# petsmart betta fish price list?



## AzeemTheBettaFan (Jun 16, 2013)

since petsmart doesnt have their full list of bettas and their prices online. can some kind soul put up a betta fish price list for petsmart?


----------



## whiskandbowl (Aug 21, 2012)

I'm heading there tonight hopefully so I'll try to remember


----------



## JennNP (Jul 2, 2013)

On the petsmart website it has listed:
Betta: 2.84-3.79
Crowntail Betta: 6.45

That's all it says though..Sorry I couldn't be of more help. We only have a PetCo here, and I'm not sure how similar their prices are


----------



## Briz (Mar 22, 2013)

I will be at Petsmart tomorrow and will write down all the prices of the kinds we have. We have at least 5 varieties in stock right now. I assume you only want the male prices?

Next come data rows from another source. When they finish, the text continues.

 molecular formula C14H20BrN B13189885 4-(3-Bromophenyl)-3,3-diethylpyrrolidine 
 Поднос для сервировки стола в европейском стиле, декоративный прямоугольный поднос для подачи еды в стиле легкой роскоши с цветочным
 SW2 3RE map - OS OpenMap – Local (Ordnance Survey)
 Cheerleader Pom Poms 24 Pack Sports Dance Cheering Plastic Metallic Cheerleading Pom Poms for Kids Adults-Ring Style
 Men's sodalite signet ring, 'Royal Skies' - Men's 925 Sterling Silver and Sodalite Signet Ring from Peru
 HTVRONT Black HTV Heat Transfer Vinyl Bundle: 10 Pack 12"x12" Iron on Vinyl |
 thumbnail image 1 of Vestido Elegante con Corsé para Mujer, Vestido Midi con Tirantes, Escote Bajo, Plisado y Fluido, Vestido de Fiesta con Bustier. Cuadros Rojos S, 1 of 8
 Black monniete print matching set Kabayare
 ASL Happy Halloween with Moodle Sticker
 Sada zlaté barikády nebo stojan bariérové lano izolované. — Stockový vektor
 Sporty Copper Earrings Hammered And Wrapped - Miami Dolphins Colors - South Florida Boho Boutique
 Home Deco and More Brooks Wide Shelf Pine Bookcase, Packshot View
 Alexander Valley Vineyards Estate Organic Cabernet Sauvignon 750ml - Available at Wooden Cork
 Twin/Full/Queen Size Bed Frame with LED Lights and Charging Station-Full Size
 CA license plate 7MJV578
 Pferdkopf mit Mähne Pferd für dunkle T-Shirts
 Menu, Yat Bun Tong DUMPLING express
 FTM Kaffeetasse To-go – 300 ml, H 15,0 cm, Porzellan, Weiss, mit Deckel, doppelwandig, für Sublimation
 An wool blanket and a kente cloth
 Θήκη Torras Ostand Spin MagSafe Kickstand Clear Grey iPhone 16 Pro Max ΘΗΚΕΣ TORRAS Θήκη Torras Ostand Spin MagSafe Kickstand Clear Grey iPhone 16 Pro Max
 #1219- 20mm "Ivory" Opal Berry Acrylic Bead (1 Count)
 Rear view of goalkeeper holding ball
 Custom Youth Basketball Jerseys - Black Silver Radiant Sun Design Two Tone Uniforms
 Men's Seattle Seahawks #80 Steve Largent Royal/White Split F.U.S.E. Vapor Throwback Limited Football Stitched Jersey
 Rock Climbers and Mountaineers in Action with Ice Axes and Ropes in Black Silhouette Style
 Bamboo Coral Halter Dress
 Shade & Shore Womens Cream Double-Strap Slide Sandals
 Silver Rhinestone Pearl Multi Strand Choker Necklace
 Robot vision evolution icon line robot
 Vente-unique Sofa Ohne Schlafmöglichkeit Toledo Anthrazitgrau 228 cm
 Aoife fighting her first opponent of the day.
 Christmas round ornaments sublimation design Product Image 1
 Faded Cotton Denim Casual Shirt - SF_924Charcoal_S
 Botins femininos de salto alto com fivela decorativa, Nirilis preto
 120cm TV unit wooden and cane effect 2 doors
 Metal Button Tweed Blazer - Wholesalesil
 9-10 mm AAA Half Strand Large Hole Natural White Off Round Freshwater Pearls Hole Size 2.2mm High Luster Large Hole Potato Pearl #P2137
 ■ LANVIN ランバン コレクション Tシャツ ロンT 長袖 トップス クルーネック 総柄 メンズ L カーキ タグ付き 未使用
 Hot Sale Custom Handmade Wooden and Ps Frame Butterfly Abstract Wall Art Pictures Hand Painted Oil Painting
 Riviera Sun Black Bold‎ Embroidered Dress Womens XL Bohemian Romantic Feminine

Er, one thing you could do if is simply call your nearest Petsmart (press '3' after the computer voice starts talking to get to Pet Care), and ask if the associate will read off the prices of the Bettas for you.


----------



## Moonshine357 (Jul 18, 2013)

I know that veil tails are on sale 1.99 down from 3.99. I hope that helps. I think crown tails were 7.99? I agree with the poster who said to call them and ask for pricing. It might vary region to region.


----------



## whiskandbowl (Aug 21, 2012)

Got them! These are regular prices, not sale prices (though they were on sale this week, not much though)

Veiltail Male- $3.79
Veiltale Female- $2.99
Crowntail Male- $6.79
Crowntail Female- $4.99
Halfmoon Male- $7.99
Double Tail Halfmoon Male- $12.99
Dragon Scale Crowntail- $9.99
Dragon Scale Plakat- $9.99


----------



## AzeemTheBettaFan (Jun 16, 2013)

Thank You all So much!!! The when I get paid I'm heading over there to get a 10 gallon tank kit and hopefully a dragonscale plakat!:-D


----------



## NeptunesMom (May 4, 2012)

I do think prices vary based on your location. That is why they do not put prices in stone on their website.


----------